Title :
Binaural Classification for Reverberant Speech Segregation Using Deep Neural Networks
Author :
Yi Jiang ; DeLiang Wang ; Runsheng Liu ; ZhenMing Feng
Author_Institution :
Dept. of Electron. Eng., Tsinghua Univ., Beijing, China
Abstract :
Speech signal degradation in real environments mainly results from room reverberation and concurrent noise. While human listening is robust in complex auditory scenes, current speech segregation algorithms do not perform well in noisy and reverberant environments. We treat the binaural segregation problem as binary classification, and employ deep neural networks (DNNs) for the classification task. The binaural features of the interaural time difference and interaural level difference are used as the main auditory features for classification. The monaural feature of gammatone frequency cepstral coefficients is also used to improve classification performance, especially when interference and target speech are collocated or very close to one another. We systematically examine DNN generalization to untrained spatial configurations.
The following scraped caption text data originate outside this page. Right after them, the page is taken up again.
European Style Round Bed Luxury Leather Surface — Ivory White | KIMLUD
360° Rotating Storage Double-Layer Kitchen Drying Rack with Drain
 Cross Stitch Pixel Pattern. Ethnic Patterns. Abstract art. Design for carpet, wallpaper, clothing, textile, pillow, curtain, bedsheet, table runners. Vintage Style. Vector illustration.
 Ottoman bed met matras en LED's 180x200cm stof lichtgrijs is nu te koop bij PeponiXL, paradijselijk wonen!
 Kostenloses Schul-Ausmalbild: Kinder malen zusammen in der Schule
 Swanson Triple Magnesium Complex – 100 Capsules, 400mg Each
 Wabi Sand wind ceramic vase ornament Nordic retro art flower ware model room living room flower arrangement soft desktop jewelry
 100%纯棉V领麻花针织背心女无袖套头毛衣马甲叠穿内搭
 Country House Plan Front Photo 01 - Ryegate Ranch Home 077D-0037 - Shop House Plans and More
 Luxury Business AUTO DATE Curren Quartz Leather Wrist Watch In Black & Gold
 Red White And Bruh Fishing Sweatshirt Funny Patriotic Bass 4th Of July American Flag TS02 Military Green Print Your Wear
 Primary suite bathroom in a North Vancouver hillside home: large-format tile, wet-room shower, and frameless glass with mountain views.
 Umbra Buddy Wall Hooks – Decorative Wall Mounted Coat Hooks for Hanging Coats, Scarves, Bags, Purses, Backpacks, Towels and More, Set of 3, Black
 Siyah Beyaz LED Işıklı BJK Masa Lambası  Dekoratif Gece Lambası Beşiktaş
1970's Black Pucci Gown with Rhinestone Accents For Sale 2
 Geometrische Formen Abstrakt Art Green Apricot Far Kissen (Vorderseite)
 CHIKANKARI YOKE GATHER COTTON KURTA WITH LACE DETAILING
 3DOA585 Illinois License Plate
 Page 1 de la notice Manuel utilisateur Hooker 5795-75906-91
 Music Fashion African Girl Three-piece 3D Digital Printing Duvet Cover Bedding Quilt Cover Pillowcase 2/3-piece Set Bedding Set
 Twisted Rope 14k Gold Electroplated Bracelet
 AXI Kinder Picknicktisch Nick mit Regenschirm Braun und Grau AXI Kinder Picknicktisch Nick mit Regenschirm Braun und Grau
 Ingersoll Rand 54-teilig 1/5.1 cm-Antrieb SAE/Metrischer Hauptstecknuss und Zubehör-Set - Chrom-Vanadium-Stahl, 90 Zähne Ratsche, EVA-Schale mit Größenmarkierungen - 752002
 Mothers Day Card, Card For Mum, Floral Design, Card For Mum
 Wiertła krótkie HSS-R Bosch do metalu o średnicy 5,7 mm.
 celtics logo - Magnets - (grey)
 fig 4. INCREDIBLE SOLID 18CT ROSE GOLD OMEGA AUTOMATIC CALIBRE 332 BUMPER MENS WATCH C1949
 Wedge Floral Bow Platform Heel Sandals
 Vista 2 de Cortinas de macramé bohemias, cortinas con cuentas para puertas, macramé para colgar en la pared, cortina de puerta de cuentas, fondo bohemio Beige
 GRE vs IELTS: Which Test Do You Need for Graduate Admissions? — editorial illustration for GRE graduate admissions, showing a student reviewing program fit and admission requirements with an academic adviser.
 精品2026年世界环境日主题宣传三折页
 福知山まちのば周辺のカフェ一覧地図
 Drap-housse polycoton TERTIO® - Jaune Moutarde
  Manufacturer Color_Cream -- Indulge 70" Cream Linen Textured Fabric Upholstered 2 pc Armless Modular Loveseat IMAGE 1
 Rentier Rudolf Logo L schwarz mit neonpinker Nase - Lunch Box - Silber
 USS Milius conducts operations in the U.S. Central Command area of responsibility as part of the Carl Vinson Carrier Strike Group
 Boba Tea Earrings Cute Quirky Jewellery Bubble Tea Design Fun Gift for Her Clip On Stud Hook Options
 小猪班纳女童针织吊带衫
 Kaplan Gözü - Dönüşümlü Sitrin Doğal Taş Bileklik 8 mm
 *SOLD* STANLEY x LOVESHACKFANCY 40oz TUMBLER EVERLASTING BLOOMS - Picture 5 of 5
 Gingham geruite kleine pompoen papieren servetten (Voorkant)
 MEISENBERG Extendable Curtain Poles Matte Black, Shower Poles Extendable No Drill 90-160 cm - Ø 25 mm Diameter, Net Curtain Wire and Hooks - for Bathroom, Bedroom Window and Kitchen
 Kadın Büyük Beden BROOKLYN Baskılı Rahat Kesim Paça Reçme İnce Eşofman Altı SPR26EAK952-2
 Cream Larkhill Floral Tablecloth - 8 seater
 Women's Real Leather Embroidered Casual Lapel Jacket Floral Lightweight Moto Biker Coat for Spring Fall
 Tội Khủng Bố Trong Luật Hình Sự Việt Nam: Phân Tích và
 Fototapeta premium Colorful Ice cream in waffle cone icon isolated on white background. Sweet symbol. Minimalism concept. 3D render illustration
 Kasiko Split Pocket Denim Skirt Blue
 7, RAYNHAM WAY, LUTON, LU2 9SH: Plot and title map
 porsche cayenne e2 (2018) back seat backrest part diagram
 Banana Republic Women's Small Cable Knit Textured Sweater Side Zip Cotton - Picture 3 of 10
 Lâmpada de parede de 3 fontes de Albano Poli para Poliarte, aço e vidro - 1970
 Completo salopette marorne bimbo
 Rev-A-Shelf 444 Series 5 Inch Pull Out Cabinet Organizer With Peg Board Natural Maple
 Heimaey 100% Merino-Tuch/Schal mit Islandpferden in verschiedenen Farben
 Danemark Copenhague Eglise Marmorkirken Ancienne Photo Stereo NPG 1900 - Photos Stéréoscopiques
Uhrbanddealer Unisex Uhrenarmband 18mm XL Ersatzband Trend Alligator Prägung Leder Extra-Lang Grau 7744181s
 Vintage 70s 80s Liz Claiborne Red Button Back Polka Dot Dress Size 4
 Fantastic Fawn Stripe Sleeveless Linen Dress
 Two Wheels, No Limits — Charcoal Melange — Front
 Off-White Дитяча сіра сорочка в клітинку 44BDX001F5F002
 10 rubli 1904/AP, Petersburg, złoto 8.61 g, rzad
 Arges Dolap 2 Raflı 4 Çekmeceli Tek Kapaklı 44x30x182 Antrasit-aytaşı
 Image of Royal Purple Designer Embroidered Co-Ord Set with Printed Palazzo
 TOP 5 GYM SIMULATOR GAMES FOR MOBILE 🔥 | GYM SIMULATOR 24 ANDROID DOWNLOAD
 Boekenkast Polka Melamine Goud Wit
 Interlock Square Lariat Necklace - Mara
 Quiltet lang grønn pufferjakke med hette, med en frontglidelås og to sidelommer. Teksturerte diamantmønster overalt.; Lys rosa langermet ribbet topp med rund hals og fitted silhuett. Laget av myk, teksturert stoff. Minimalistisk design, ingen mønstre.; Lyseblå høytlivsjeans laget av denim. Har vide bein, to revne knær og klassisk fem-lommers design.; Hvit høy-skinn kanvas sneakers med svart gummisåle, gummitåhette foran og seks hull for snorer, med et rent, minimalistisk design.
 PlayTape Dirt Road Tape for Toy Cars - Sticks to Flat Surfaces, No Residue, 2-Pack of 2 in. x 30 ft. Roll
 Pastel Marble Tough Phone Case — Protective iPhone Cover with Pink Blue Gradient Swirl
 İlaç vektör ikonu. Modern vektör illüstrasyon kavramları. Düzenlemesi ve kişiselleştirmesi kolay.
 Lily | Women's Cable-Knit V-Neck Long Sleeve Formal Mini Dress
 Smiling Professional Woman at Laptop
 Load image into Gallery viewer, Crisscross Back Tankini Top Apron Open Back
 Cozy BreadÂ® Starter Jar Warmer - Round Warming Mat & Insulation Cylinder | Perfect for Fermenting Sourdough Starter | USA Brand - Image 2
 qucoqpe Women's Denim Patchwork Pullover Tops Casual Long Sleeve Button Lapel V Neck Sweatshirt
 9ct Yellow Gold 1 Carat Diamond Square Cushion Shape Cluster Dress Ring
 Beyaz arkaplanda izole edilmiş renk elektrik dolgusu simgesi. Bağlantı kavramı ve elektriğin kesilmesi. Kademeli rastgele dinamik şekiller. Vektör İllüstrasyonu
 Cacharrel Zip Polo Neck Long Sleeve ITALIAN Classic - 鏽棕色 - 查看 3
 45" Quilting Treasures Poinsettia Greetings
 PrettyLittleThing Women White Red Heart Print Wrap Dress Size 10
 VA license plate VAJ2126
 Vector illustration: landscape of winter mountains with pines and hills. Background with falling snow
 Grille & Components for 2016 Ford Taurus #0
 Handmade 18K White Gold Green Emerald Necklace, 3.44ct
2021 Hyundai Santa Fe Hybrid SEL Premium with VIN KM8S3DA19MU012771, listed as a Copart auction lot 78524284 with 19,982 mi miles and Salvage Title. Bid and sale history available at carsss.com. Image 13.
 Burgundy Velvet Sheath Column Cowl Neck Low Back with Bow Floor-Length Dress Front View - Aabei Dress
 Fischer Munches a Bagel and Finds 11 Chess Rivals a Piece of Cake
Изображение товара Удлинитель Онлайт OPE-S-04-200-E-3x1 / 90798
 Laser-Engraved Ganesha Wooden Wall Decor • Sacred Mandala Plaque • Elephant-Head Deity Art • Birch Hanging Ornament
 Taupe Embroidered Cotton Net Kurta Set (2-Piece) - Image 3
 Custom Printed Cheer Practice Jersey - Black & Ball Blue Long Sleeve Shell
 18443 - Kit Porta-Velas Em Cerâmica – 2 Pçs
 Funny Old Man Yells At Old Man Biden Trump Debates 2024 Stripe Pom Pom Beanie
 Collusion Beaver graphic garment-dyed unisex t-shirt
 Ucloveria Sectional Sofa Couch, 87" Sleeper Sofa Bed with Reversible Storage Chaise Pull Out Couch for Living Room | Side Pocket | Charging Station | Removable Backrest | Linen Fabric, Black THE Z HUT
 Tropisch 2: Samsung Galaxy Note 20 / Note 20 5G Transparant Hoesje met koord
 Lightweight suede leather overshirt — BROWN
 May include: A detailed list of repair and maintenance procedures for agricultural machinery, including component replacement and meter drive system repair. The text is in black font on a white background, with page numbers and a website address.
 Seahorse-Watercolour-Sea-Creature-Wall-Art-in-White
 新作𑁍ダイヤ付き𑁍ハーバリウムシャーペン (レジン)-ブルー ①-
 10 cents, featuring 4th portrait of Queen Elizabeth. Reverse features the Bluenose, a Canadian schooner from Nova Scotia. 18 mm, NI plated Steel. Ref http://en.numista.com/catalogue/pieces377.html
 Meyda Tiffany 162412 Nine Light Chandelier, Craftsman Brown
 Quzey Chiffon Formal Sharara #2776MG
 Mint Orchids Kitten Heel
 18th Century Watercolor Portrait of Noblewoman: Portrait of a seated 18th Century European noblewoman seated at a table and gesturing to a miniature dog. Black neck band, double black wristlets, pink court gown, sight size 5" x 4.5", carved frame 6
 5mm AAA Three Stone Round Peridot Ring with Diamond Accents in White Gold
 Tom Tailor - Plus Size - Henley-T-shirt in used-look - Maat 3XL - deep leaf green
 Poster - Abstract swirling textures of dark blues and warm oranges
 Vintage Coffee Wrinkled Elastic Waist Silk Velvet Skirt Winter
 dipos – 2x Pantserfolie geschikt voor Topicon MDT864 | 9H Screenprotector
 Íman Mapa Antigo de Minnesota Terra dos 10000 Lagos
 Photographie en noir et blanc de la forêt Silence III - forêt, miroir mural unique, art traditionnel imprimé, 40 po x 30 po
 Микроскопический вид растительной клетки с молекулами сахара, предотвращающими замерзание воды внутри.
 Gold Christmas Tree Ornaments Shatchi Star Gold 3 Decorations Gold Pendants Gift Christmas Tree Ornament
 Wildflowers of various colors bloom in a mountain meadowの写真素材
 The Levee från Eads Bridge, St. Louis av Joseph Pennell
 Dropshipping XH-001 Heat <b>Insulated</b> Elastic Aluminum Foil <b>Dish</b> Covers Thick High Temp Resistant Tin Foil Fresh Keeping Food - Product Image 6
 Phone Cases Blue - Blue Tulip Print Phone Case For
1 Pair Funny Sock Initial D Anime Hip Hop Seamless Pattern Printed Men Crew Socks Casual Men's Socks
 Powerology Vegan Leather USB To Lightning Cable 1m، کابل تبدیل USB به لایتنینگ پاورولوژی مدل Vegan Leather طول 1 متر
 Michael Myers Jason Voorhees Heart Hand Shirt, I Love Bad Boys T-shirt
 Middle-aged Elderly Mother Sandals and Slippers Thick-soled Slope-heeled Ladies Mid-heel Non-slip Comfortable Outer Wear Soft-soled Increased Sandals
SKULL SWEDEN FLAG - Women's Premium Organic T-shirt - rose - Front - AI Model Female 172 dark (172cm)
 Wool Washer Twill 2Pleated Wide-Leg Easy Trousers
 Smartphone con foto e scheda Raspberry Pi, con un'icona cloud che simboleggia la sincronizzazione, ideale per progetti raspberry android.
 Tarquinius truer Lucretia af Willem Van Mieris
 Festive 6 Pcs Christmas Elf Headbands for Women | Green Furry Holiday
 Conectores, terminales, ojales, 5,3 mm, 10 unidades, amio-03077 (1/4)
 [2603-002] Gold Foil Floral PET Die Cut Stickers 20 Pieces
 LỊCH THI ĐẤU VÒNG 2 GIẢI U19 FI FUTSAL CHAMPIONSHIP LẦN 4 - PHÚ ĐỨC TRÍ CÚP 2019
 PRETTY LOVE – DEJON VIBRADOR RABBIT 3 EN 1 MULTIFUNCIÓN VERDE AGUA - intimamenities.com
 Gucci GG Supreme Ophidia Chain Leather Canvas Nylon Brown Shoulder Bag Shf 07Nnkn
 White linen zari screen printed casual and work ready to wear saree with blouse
Evaluations and comparisons show that DNN-based binaural classification produces superior segregation performance in a variety of multisource and reverberant conditions.
Keywords :
neural nets; signal classification; speech processing; DNN-based binaural classification; concurrent noise; deep neural networks; gammatone frequency cepstral coefficients; interaural level difference; interaural time difference; reverberant speech segregation algorithm; room reverberation; speech signal degradation; Azimuth; Feature extraction; Interference; Signal to noise ratio; Speech; Training; Binary classification; computational auditory scene analysis (CASA); deep neural networks (DNNs); room reverberation; speech segregation;
Journal_Title :
Audio, Speech, and Language Processing, IEEE/ACM Transactions on
DOI :
10.1109/TASLP.2014.2361023